■ Work task
Using the data below, return word for word every line from the one holding "CPA Stockholm Nordiska Museet" down to the one holding "In the film, Mcena". Leave pictures out.

■ Raw data
=-=-=

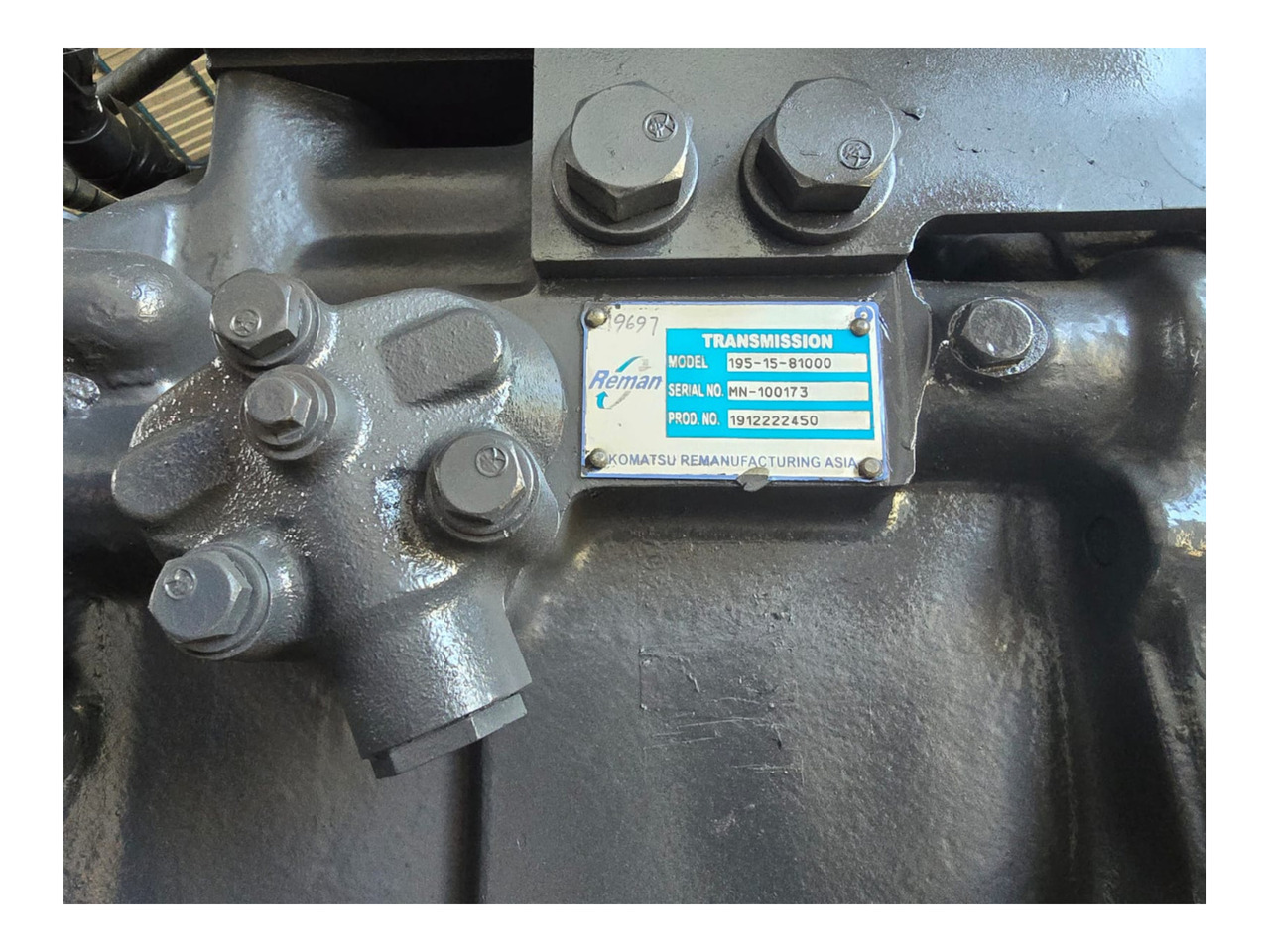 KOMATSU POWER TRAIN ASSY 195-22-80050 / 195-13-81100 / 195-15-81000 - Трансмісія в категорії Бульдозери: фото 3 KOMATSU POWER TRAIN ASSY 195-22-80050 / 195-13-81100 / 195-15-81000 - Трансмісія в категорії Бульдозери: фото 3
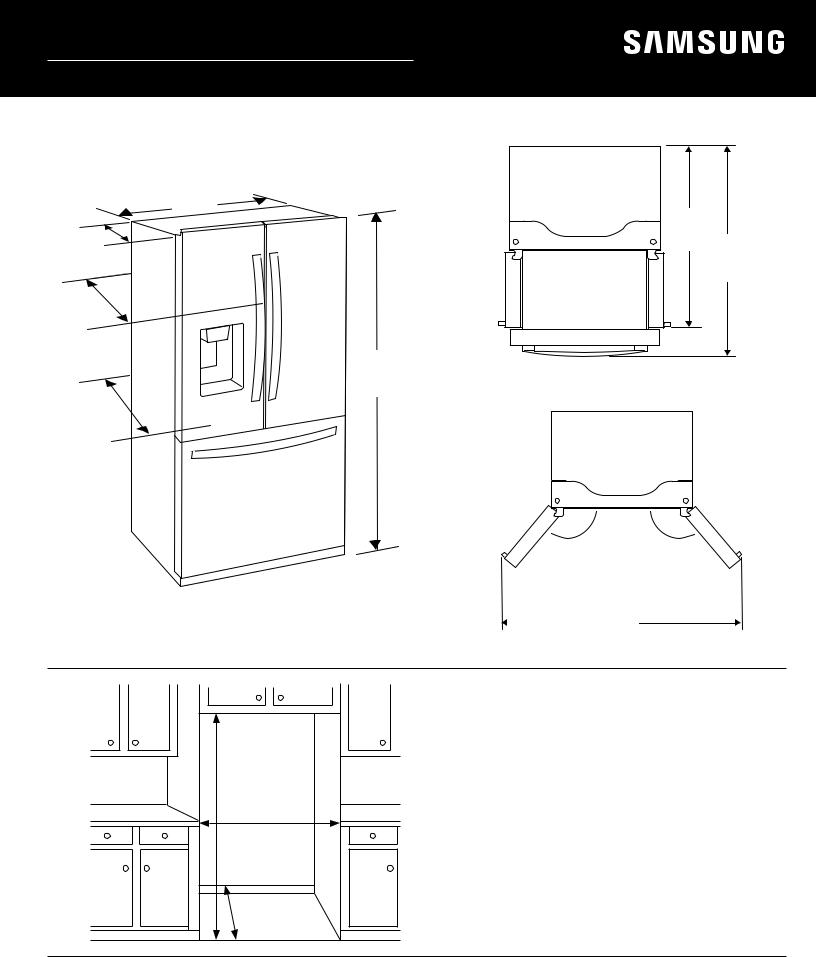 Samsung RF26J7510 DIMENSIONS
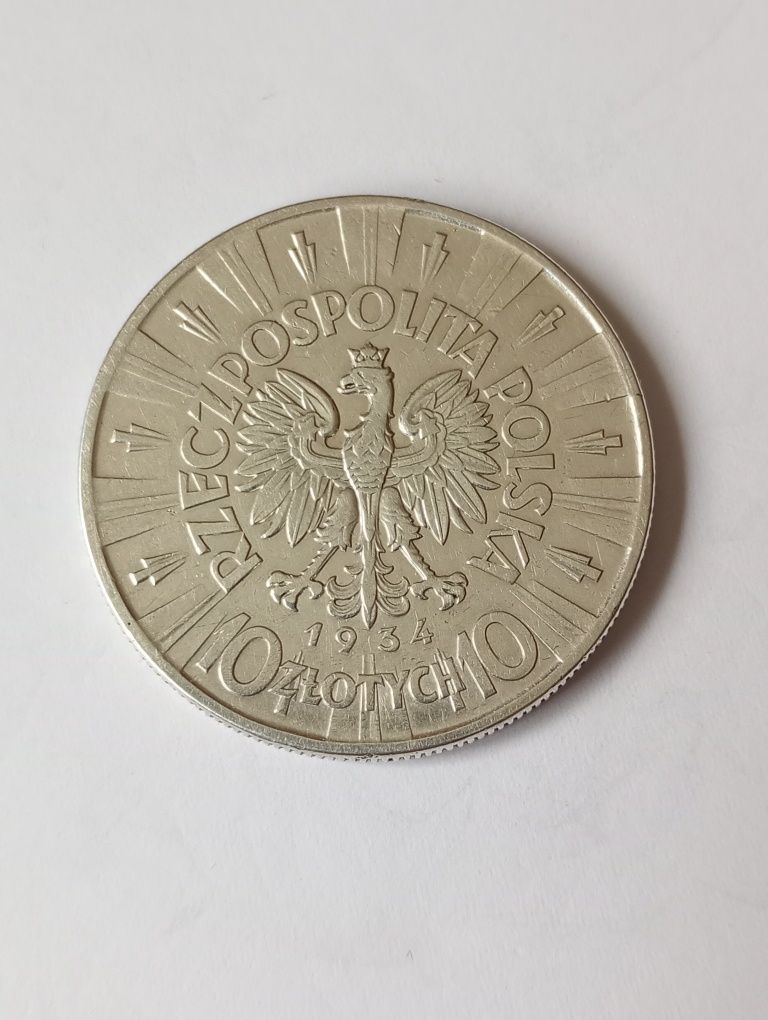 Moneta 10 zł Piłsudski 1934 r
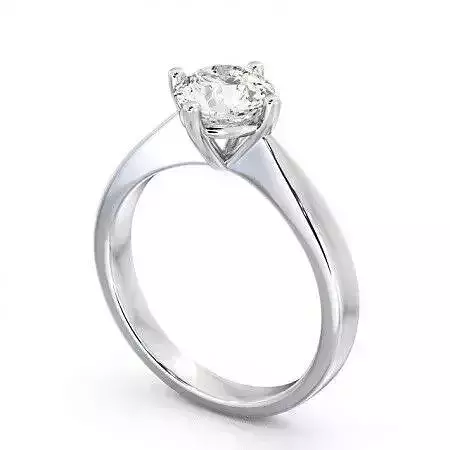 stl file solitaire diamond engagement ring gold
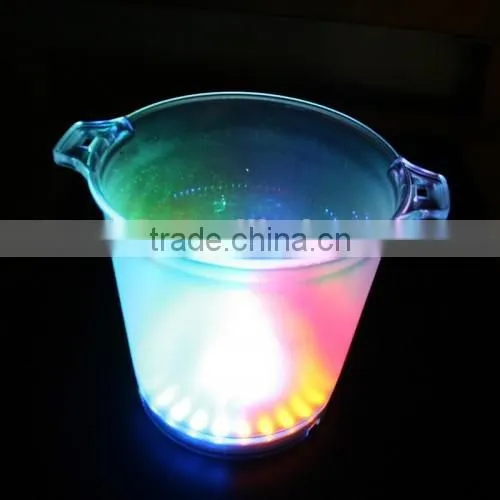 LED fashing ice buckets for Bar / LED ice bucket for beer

=-=-=

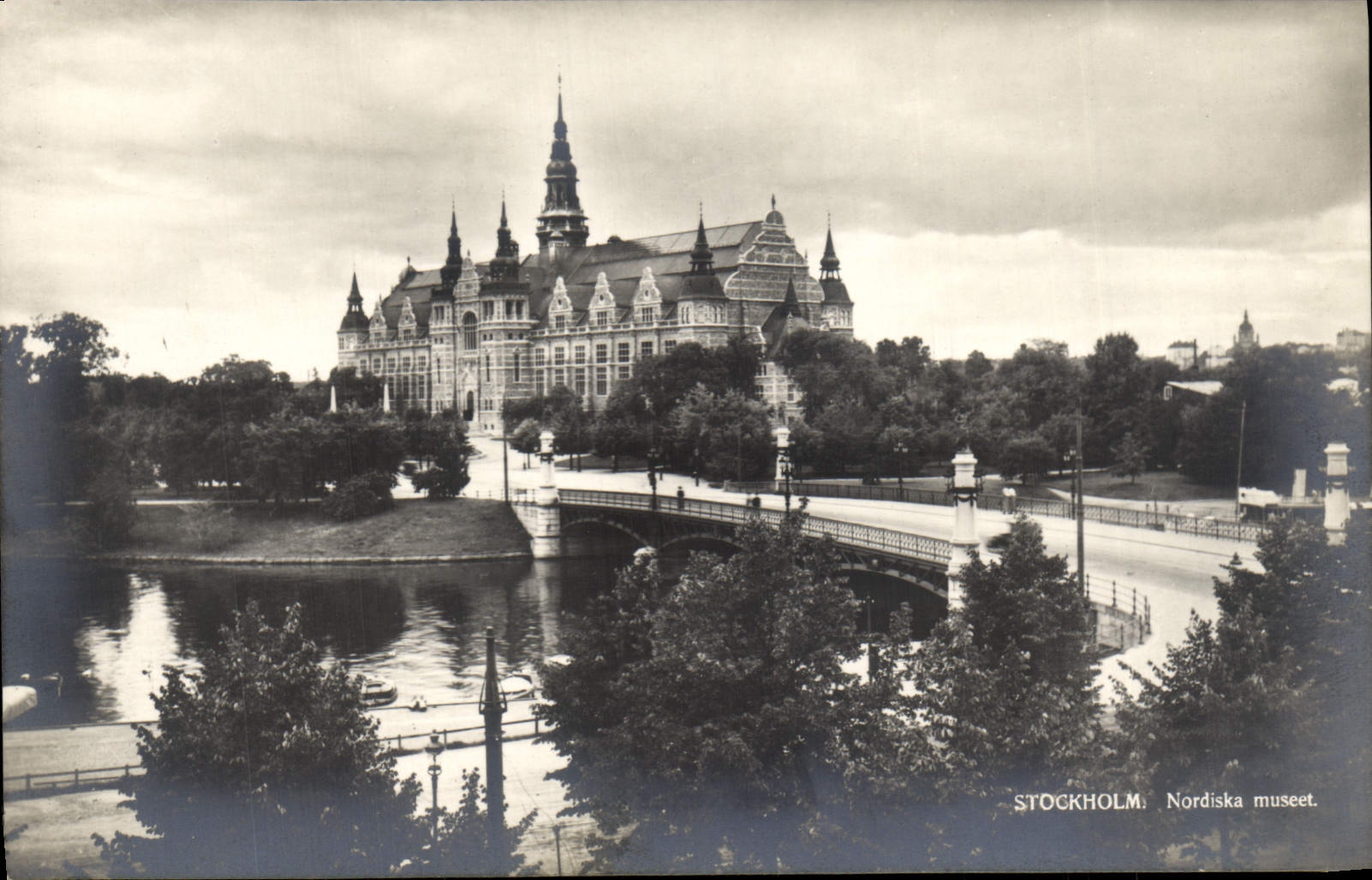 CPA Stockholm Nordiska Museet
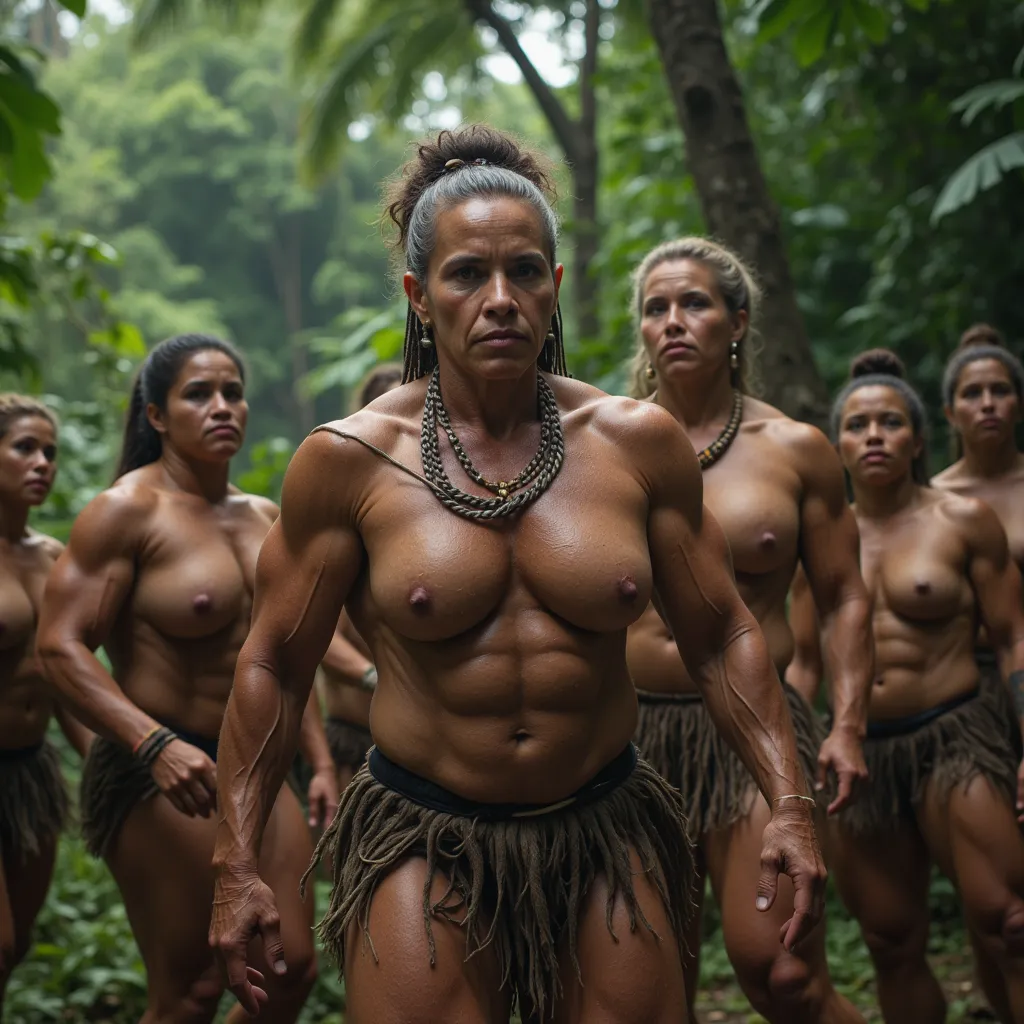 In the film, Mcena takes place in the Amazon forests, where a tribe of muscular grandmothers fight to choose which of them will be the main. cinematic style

=-=-=

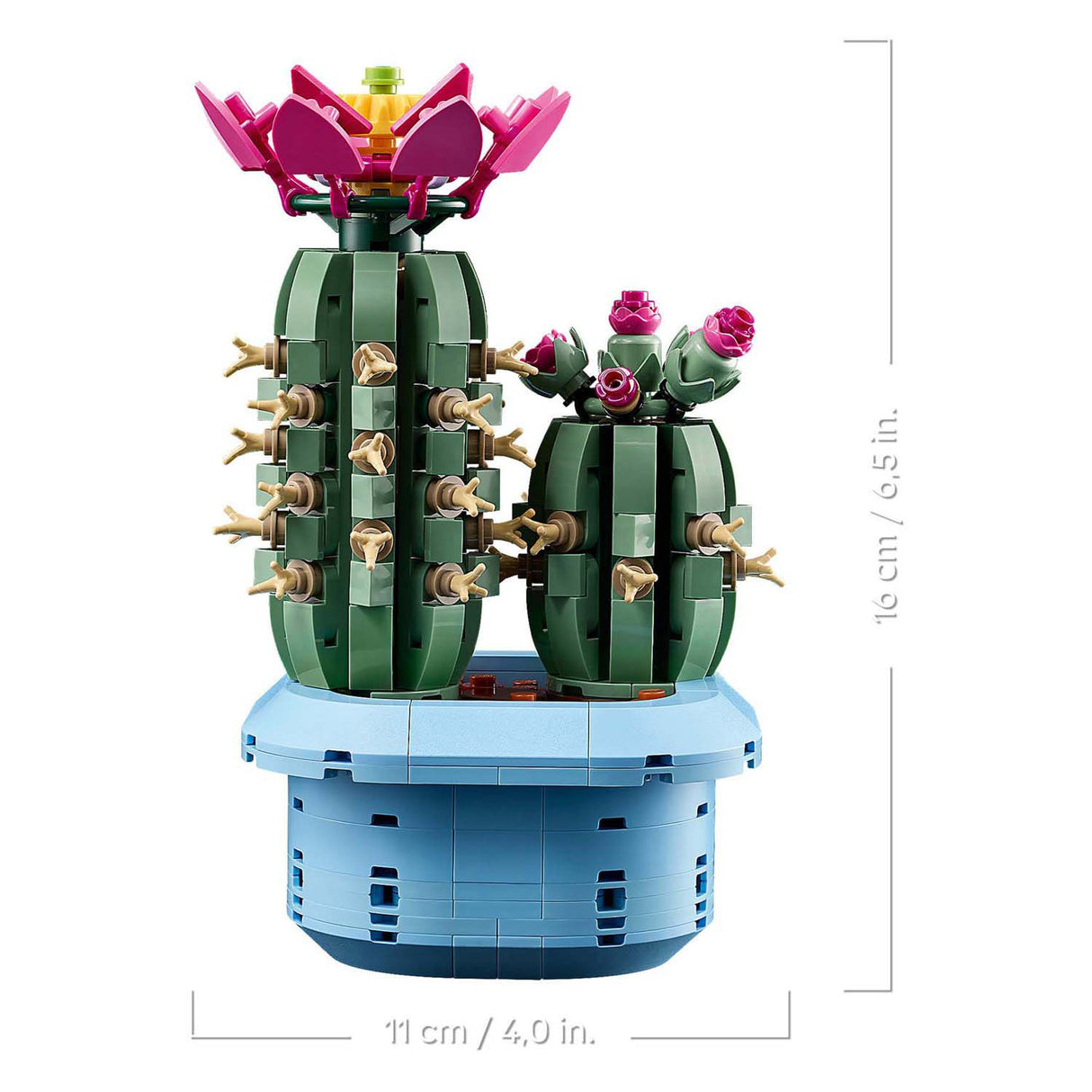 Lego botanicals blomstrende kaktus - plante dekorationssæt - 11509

=-=-=

■ Reply to the exercise
 CPA Stockholm Nordiska Museet
 In the film, Mcena takes place in the Amazon forests, where a tribe of muscular grandmothers fight to choose which of them will be the main. cinematic style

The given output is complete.